The U.S. Supreme Court has been an issue in presidential elections throughout most of its history, although perhaps never quite like this year’s election.
In the past, both political parties have tried, often with little success, to make the court or certain decisions a major campaign issue in the eyes of the public. But unless there is a decision that triggers public passions, for example, a Bush v. Gore ruling, the court is likely to fall to the side as an election issue, victim of more pressing voter concerns, such as the economy or health insurance.
William Ross of Samford University Cumberland School of Law has studied and written about the court as an election issue for a number of years, In one of his early law review articles on the subject, he wrote:
“The President’s power to nominate federal judges has emerged as at least a moderately important issue during the past several presidential campaigns, and judicial issues were more prominent in the 2000 campaign than in any election since 1968.”
Ross attributed the trend to the “growing salience of the courts in presidential elections reflects increasing public awareness of the power of federal judges, particularly the Supreme Court Justices, and heightened appreciation of the President's ability to influence the courts through judicial nominations.”
In a 2016 interview with The National Law Journal, Ross said the Trump-Clinton presidential contest was accelerating the trend of making the court an election issue. Then-candidate Donald Trump, as he did this year, released a list of potential Supreme Court nominees from which he would pick if elected and a vacancy arose. That was a “first” by a presidential candidate. Trump and Hillary Clinton also focused less on judicial philosophies and more on specific decisions that they wanted to see overturned, a bolder indication than in the past that a potential nominee would face a litmus test for a high court seat.
The Democratic Party platform that election year called for the overturning of Citizens United v. Federal Election Commission, the 5-4 decision eliminating federal limits on corporate and union campaign expenditures. The Republican Party platform called for Supreme Court nominees who would overturn the landmark abortion decision, Roe v. Wade; the 2015 same-sex marriage ruling, Obergefell v. Hodges, and the two decisions upholding the Affordable Care Act, NFIB v. Sebelius (2012) and King v. Burwell (2015).

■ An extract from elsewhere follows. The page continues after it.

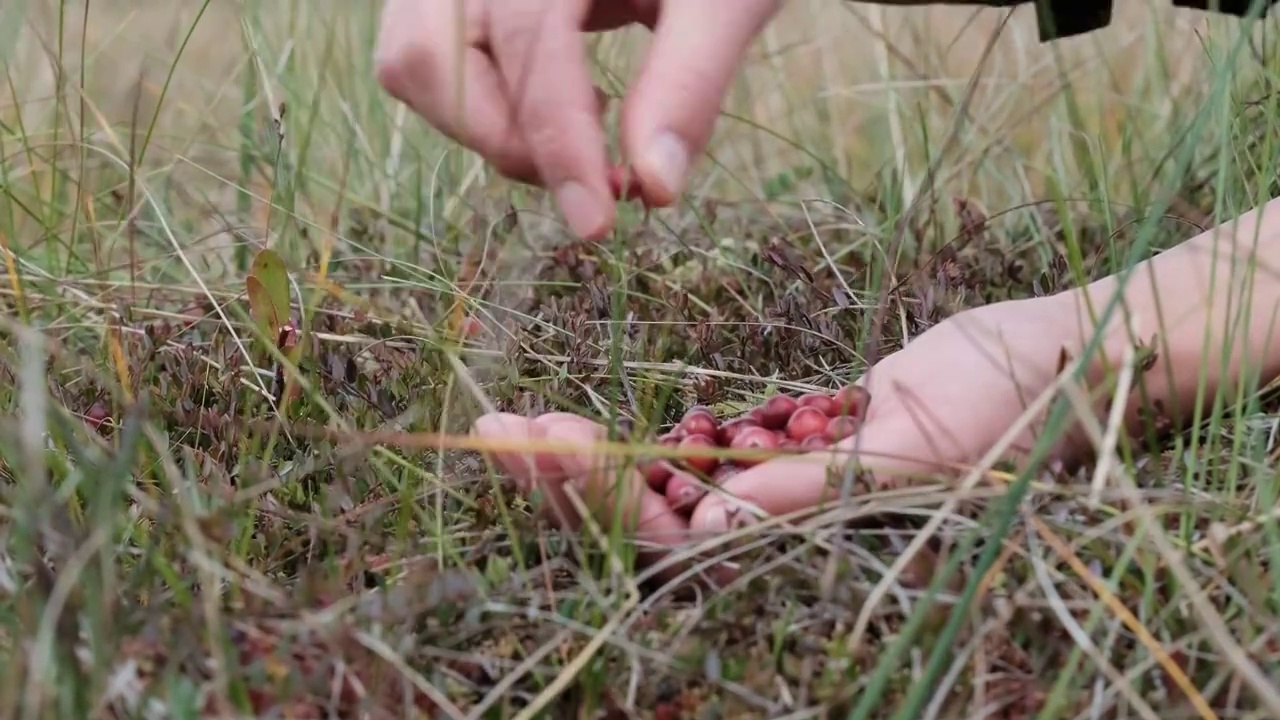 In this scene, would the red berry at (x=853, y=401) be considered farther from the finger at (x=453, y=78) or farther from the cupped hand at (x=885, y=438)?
the finger at (x=453, y=78)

This year, the Democratic platform states it will fight to pass a constitutional amendment that will not only overturn Citizens United and related decisions but will eliminate all private financing from federal elections. The Republican platform is unchanged.

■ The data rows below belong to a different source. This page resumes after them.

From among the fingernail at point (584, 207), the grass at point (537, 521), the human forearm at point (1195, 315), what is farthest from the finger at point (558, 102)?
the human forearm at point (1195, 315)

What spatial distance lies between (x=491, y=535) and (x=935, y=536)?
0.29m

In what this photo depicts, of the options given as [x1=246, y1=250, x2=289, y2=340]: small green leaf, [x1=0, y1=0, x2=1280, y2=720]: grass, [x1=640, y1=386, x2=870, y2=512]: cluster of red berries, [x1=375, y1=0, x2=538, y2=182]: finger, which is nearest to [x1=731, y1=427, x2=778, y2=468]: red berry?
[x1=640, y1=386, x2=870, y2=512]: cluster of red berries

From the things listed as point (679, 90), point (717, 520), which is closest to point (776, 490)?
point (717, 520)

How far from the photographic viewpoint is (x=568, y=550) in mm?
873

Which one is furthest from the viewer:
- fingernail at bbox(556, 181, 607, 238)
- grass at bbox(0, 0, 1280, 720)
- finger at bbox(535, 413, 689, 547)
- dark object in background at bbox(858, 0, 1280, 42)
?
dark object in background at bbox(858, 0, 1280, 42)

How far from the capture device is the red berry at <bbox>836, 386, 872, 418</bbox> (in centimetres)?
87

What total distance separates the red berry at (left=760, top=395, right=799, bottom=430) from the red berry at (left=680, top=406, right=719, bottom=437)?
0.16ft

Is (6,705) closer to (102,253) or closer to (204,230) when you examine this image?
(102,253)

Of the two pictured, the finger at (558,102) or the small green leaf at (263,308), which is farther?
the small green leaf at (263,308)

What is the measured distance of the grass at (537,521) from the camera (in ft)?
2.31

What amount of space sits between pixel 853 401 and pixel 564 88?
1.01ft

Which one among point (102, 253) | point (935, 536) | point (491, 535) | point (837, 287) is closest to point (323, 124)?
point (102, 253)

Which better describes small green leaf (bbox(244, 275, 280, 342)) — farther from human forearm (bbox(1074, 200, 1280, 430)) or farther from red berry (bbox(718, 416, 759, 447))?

Some of the justices’ decisions that have figured in past presidential elections include: Dred Scott v. Sandford, holding that slaves were not citizens (1860 election); Engel v. Vitale, striking down school-sponsored prayer in public schools, Baker v. Carr, and Reynolds v. Sims, reapportionment, and Brown v. Board of Education, ending segregated public schools (1964 election); Miranda v. Arizona, police warnings to suspects in custody (1968 election, and Roe v. Wade (1980 election).
In 2020, the confluence of a presidential election, a pandemic and a push to confirm a Supreme Court nominee in one of the shortest periods of time in modern history has created a perfect storm for the Supreme Court. Last term, the justices worked hard to avoid being pulled into the political arena by a series of politically charged cases involving challenges to subpoenas for Trump's financial documents, Trump administration plans to end delayed deportation for so-called dreamers, abortion clinic restrictions, and job discrimination against LGBT workers.
The justices largely succeeded in that effort by forming cross-ideological majorities. But with the Sept. 18 death of Justice Ruth Bader Ginsburg, the court inevitably would be drawn into the political crossfire.
As Trump Supreme Court nominee Judge Amy Coney Barrett goes before the Senate Judiciary Committee this morning, the nation will witness in real-time the political stakes. From Republicans' perspective, Barrett would be the sixth conservative justice, one whose reliable vote, they believe, will dilute or end the ability of Chief Justice John Roberts Jr. to control how far and how fast the court moves the law to the right. From the Democratic view, Barrett would be the conservative vote to reverse progressive victories, such as Roe and the Affordable Care Act, and any future progress on civil and consumer rights.
Because Democrats are angry over what they see as a rank power grab in Republicans’ push to confirm Barrett before Americans inaugurate the next president and are still bitter over the Republicans' blockade of President Barack Obama's Supreme Court nominee Merrick Garland in 2016, there has been increasing talk about “reforming” the Supreme Court. Proposals range from term limits for justices to increasing the number of justices.
For now, however, the nation needs to focus on Barrett. Supreme Court nomination hearings are often deeply unsatisfying with nominees today well-schooled on how not to reveal much of their own thinking. Still, no one is entitled to a lifetime seat on the Supreme Court. There is some value in putting a nominee through the process as a reminder of that fact and value as well to the rest of the country.
Marcia Coyle is a regular contributor to Constitution Daily and the Chief Washington Correspondent for The National Law Journal, covering the Supreme Court for more than 20 years.